Puroresu Pulse, issue 191: Howard Brody, The Man Behind Ring Warriors

Section 1- Results

New Japan: Notable round 1 results from the NJ Cup so far include Makabe over Kojima and Nakamura over Goto.

NOAH: All four champions retained on the 5th. They claimed just 4800 in attendance, a new company low for a big Tokyo show. Akiyama beat Yoshie. The juniors of Disobey turned on Yone.

Zero1: Sai beat Sekimoto to win the company’s title at Sumo Hall. Takayama beat Ohtani, Tanaka beat Nagata, and Sato & Kamikaze retained the tag titles over Corino & Sawada. Daichi Hashimoto’s entrance, using his father’s music, got an enormous response. Chono was generous and let him last 13 minutes. Attendance was around 9000, and on a very competitive weekend. There was some discounting, but that’s to be expected these days.

Section 2- News

All Japan: Mutoh vs Daichi Hashimoto has been added to their show on the 21st. Vader and his son will be there for a 6-man.

Dragon Gate: If World-1 loses the trios title match on the 20th, they will have to disband.

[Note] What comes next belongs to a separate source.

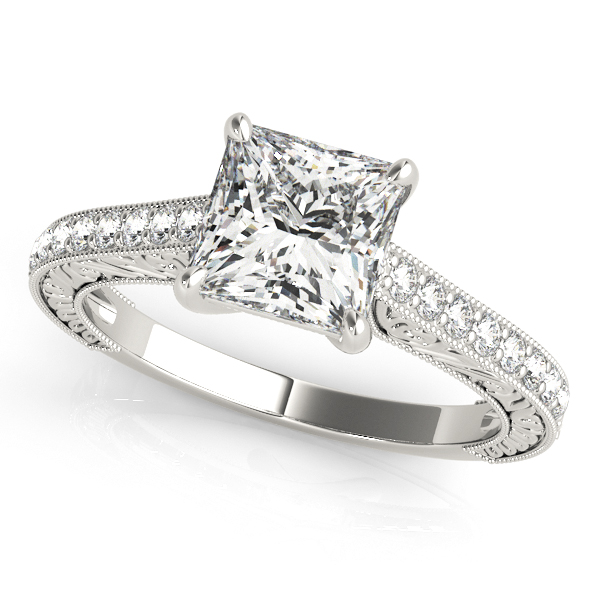 18K White Gold Trellis Engagement Ring Hess & Co Jewelers Lexington, VA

New Japan: Taka & Taichi (Ishikari) will challenge for the junior tag titles on the 20th.

NOAH: Ishimori vs Marvin will take place on Saturday to determine who faces Suzuki on the 21st in Fukuoka. Also on that show will be Sugiura defending against Trevor Murdoch, and Takayama vs Morishima. No word as to why Murdoch got the shot.

Zero1: Colorful K-1 fighter Yuichiro Nagashima has said he wants to become a rival for Daichi Hashimoto and will debut for the company on May 5th. Their annual Yasukuni Shrine show (typically the biggest of the year) comes up on the 27th. Meltzer speculates that they’ll do Sai vs Takayama, which would explain having Takayama’s win be the Sumo Hall main event.

Section 2a- Meltzer News

NOAH: Their draw was actually just 4000. As mentioned earlier it was a huge weekend, with AJ and NJ shows at Korakuen plus the Zero1 event. Still, not good.


Is the ROH ‘great match’ formula enough anymore?

My take: no, but that’s largely because I don’t think the matches are great. The Tyler Black / Strong / Richards main event scene of the last few years has gone for the gusto with ‘epic’ battles and lots of big moves… and it does nothing for me. Give me the simpler style from Samoa Joe’s reign or the technical masterpieces from Danielson’s. The style and the booking quality both went downhill during Nigel’s reign and haven’t returned to form since.

Meanwhile, Chris Hero can wrestle a nobody in PWG and the match gets over because they do a simple vet vs underdog story. Hero as the ‘indy big man’ against smaller opponents wasn’t a storyline per se, but it was a theme that the fans picked up on. ROH has small guys that Hero could carry, but for whatever reason he doesn’t work quite the same style. ROH makes him someone who needs a loaded elbow pad to win. The gimmick isn’t over and doesn’t fit with ROH’s “build to hot nearfalls” focus; why do all the nearfalls when the match can only end after the elbow pad comes into play? Hero as a bully who gives young wrestlers a chance to shine before destroying them would serve to get said younguns over AND would set up Hero as a credible title challenger instead of a midcard semi-joke.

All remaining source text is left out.